I was wondering if anyone has been able to work with Google Chrome history_index files.
Here is the problem
Basically these are sqlite3 databases but one Table ("Pages") is a virtual table using FTS3 and an (to me unknown) icu tokenizer.
This table seem to contain alot of data (concerning the size of the database and by looking into the hex data)
i didnt manage to query this table…usually i use pysqlite or different sqlite-viewer tools.
None of them was able to handle fts3+icu
So that raises a few questions
Does anyone know a way to view the contents of that table ?
Is anyone aware of a compiled sqlite.dll with activatet icu+fts3 ?

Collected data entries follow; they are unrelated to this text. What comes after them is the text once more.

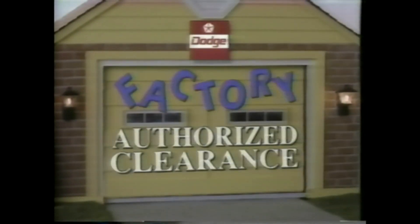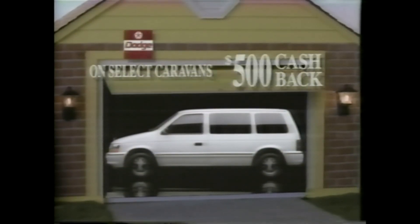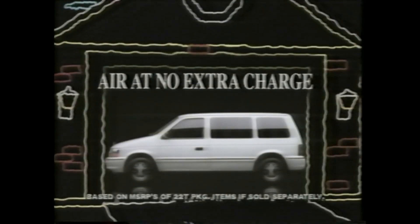Put a new Dodge in your garage! It's the Dodge factory authorized clearance. Get $500 cash back on select Caravans. Plus, get air conditioning at no extra charge on Caravans.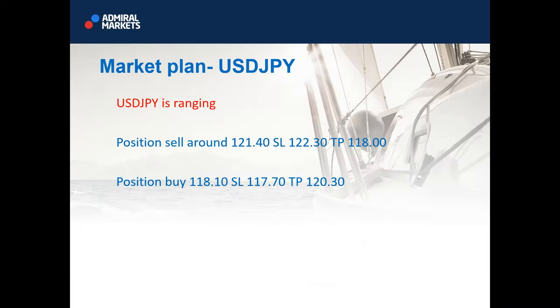Now let's see Dollar Yen. I would be looking to sell at 121.40. Stop loss is 122.30. Target is 118.00. If we get a positional buy at this level, I would place my stop at 117.70 with a target of 120.30.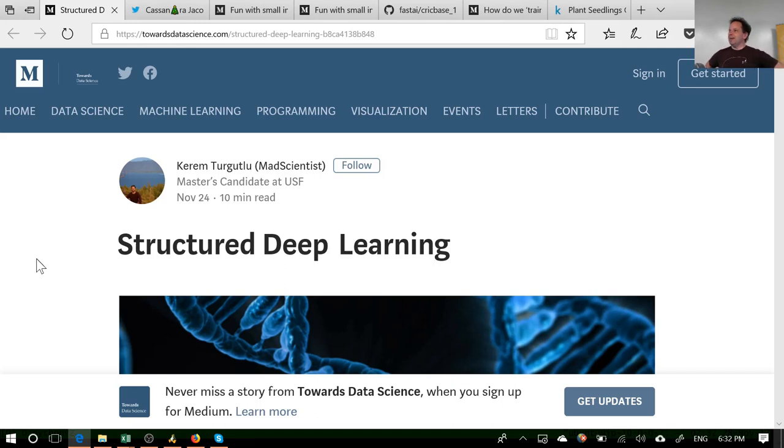Welcome back. We had a busy lesson last week, and I was really thrilled to see one of our master's students here at USF actually took what we learnt with structured deep learning and turned it into a blog post which, as I suspected, has been incredibly popular — it ended up getting picked up by the Towards Data Science publication, which is quite a good Medium publication if you're interested in keeping up with data science.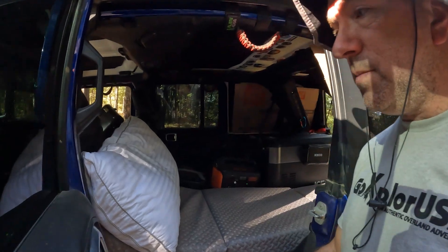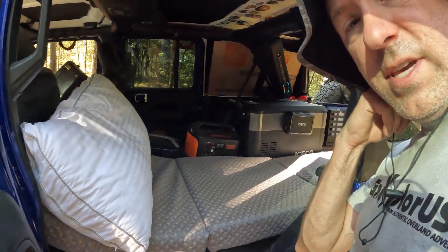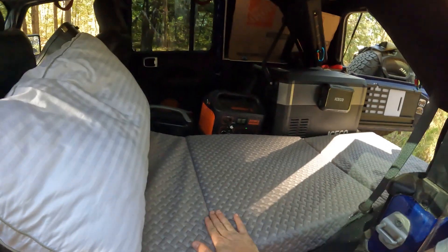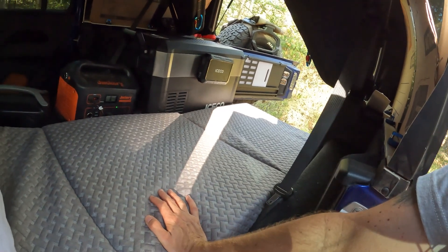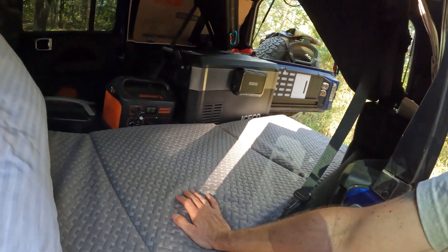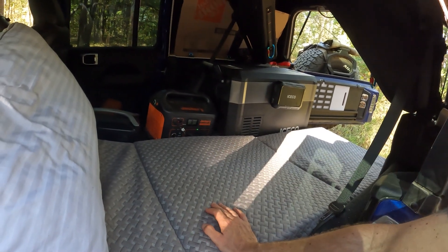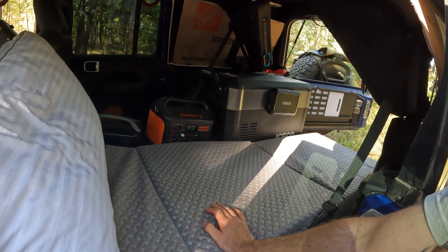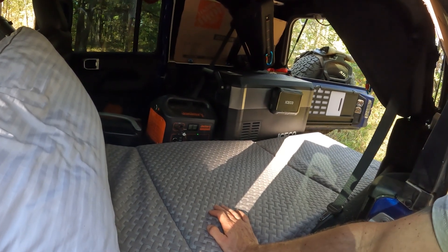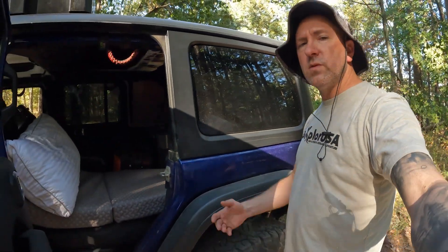Just getting the Jeep set up to sleep in. I don't really use tents anymore and I don't want to do a rooftop tent. So I use this four-inch pad, pillows, blankets, sleeping bags — whatever. I fit right in here. I power my refrigerator with the Jackery 1000; it does a really nice job keeping everything powered and good to go. So it's coming together, it's getting figured out. Everyone has their own system — this is what I use.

If not - is there a way to convert the structure of such a table or remove the tokenizer tags ?
My last option would be to bruttally extract the raw hexdata of these records and write it into a "normal" sqlite database…but i`d like to skip that. roll
Best regards
Zergling
Zergling,
Try SQLite Expert Professional http//
Regards,
Jesse
Thank you very much for the response. At least they promise this specific support.
I'll try that.
But iam also happy with any open source software/libraries )

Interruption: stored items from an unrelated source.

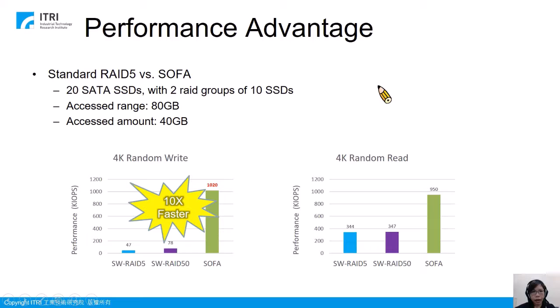This slide shows our performance experimental results. In this testing, we used 20 SATA SSDs grouped into two RAID 5 groups. As can be seen from this figure, for 4K block random write, SOFA can achieve 1 million IOPS.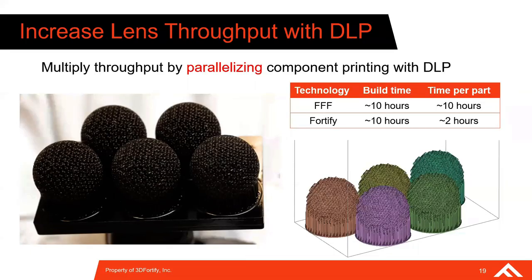Manufacturing of this high-performance GRIN Luneburg-style lens is scalable. DLP cures entire cross-sections of a build plate in a single exposure using a projected UV light mask, so one part or five parts print at the same rate, provided they fit on the build platform. For the 62-millimeter diameter Ka-band Luneburg lens, we can fit about five lenses on the build plate at a time. With a build time of about 10 hours, throughput is roughly 2 hours per lens, compared to an estimated 10 hours for fused filament fabrication. The Flux Core can produce five lenses in about a fifth of the time.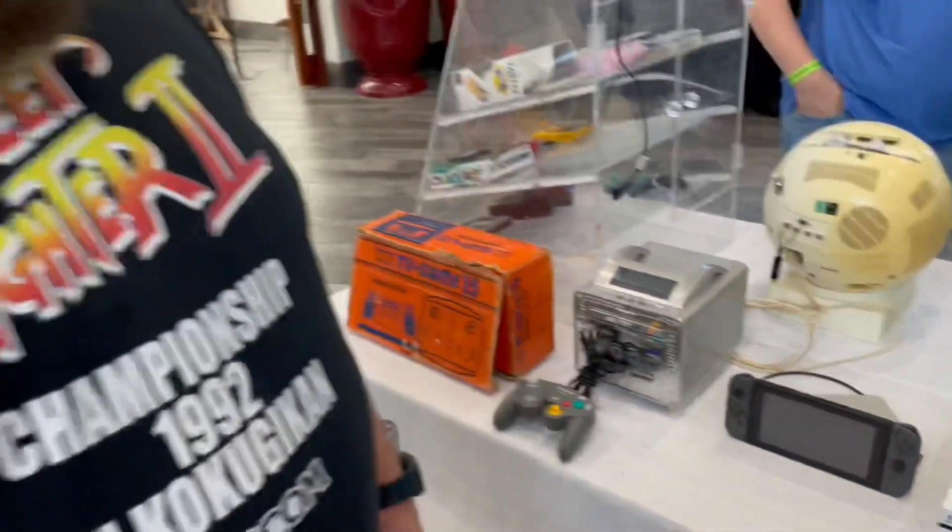This is a really cool collection here at Really Rad Weekend. I'll catch you back in the sales room and go look for some games.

Have you tried querying the underlying content table created by FTS3?
Try
SELECT * FROM Pages_content;
(I've capitalised the P because you have - the name before "_content" should be identical to the virtual table name).

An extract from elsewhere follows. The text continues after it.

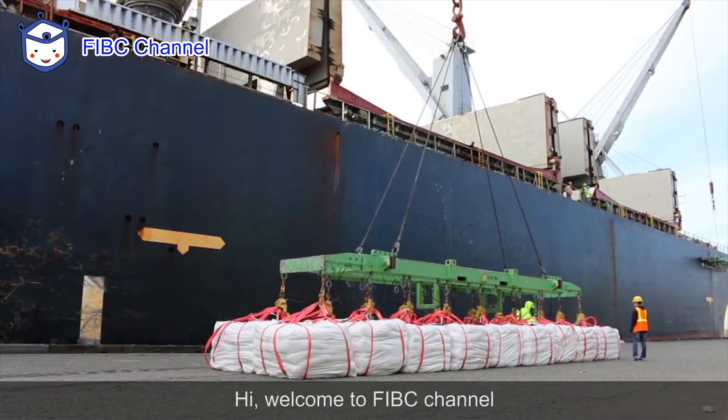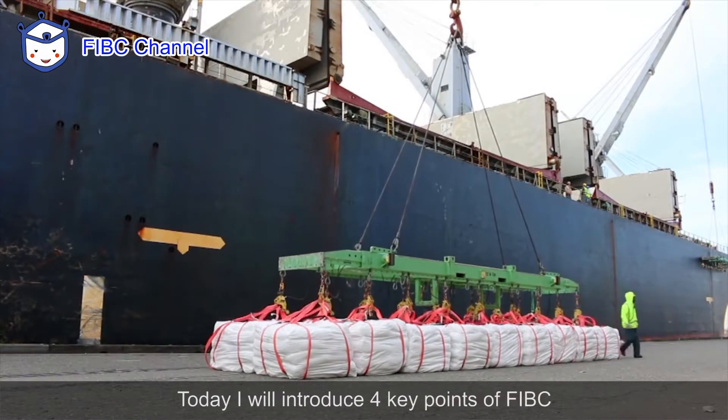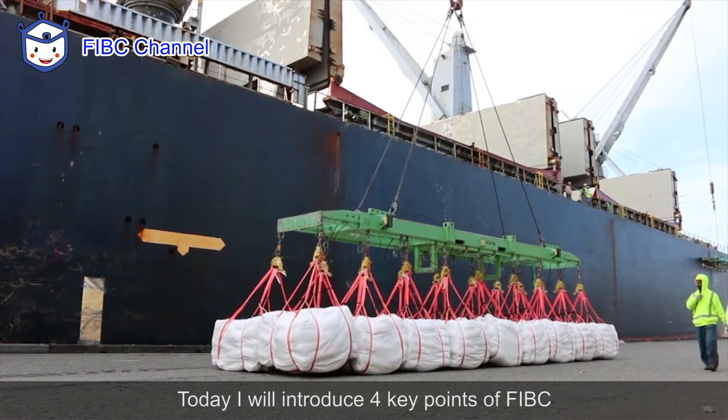Hi, welcome to FIBC channel. This is Anne from Dongsin Plastic. Today I will introduce four key points of FIBC.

DO you see the data that way?
Ive managed to get the query working with updated/recompiled .dll files (icu, sqlite)
Since iam using pysqlite i only needed to override the dlls inside the python folder.
@ AlexC
Yes. Querying "normal" tables works fine.
But now i realize that they virtually have the same content - a fact i didnt know before. oops
So i guess that virtual table is just used for providing fts3 and this icu extension and points to the same records ? idea
I think, strictly speaking (and I haven't looked at this part of SQLite for a while, so don't take anything here as gospel) a virtual table is just a mechanism for SQLite to expose an object that looks like a Table, but actually behind the scenes other functions are being called rather than the usual store and recall stuff. So the virtual table itself doesn't really store anything.
Just to repeat the caveat - it's not an area I've revisited for a long time, so don't take that explanation as gospel!
Well, before i start to jump to any conclusions ill run a couple of tests with these virtual tables.
Thanks for all the answers.
This Topic can be considered as closed.